Sensor Payloads and Communications
Payload suites on Slocum Gliders frequently include sensors from Seabird Electronics, RBR, Aanderaa Data Instruments, and Wetlabs, measuring variables studied at Scripps Institution of Oceanography and Woods Hole Oceanographic Institution. Common instruments for salinity, temperature, oxygen, and fluorescence reference standards by Seabird and RBR, while specialized biogeochemical sensors derive from research at MBARI, Monterey Bay Aquarium Research Institute, Plymouth Marine Laboratory, and Max Planck Institute for Marine Microbiology. Acoustic localization and navigation use transponders compatible with systems developed by Kongsberg Gruppen, Thales Group, and Echologger research teams. Communications methods employ satellite services from Iridium Communications, Inmarsat, and Globalstar, and integrate telemetry protocols shaped by NASA Deep Space Network research and European Southern Observatory data handling approaches.
Applications and Missions
Slocum Gliders have been deployed for climate and oceanographic studies tied to programs such as Intergovernmental Panel on Climate Change, Coupled Model Intercomparison Project, and regional campaigns by California Current Ecosystem Long-Term Ecological Research Network. They supported biological studies linked to Monterey Bay Aquarium Research Institute and Smithsonian Tropical Research Institute, participated in oil-spill monitoring for Deepwater Horizon response activities coordinated with United States Geological Survey and Environmental Protection Agency, and contributed to iceberg and polar studies in collaboration with British Antarctic Survey and Alfred Wegener Institute. Military and defense-related operations included trials with Office of Naval Research and exercises run by United States Southern Command and United States Pacific Fleet.

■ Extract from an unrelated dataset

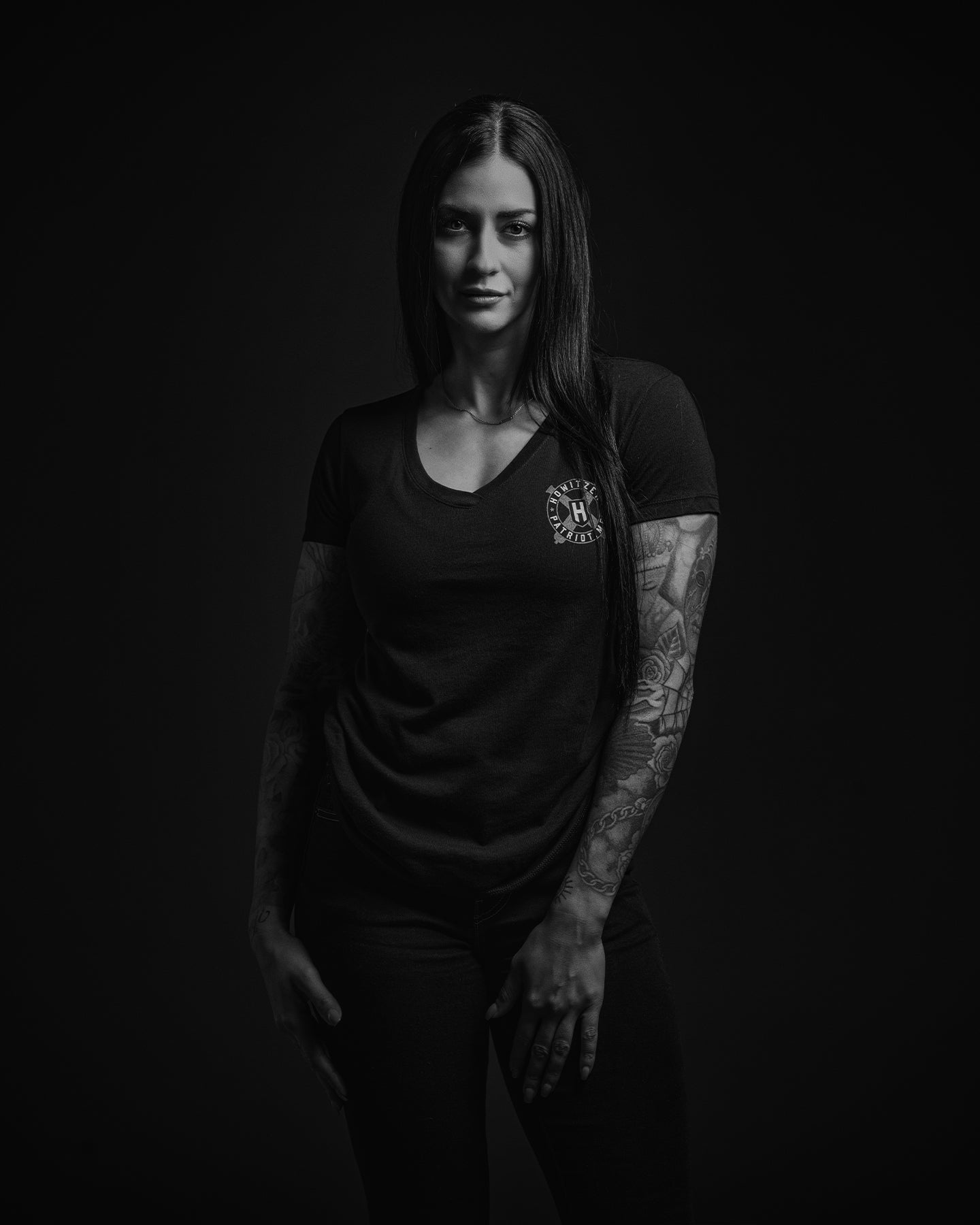 Women's Mystery T-Shirt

Development History and Operators
Initial development was driven by collaborations among institutions such as Woods Hole Oceanographic Institution, Scripps Institution of Oceanography, and industry partners including Teledyne Technologies and Webb Research Corporation. Subsequent iterations incorporated research from MIT Sea Grant, NOAA Pacific Marine Environmental Laboratory, and Naval Postgraduate School programs. Academic operators span University of Rhode Island, University of New Hampshire, University of Victoria, Dalhousie University, University of British Columbia, and Centre National de la Recherche Scientifique. Commercial and governmental operators include Teledyne Marine, Lockheed Martin, BAE Systems, United States Navy, French Navy, Canadian Coast Guard, and international research consortia associated with European Marine Board.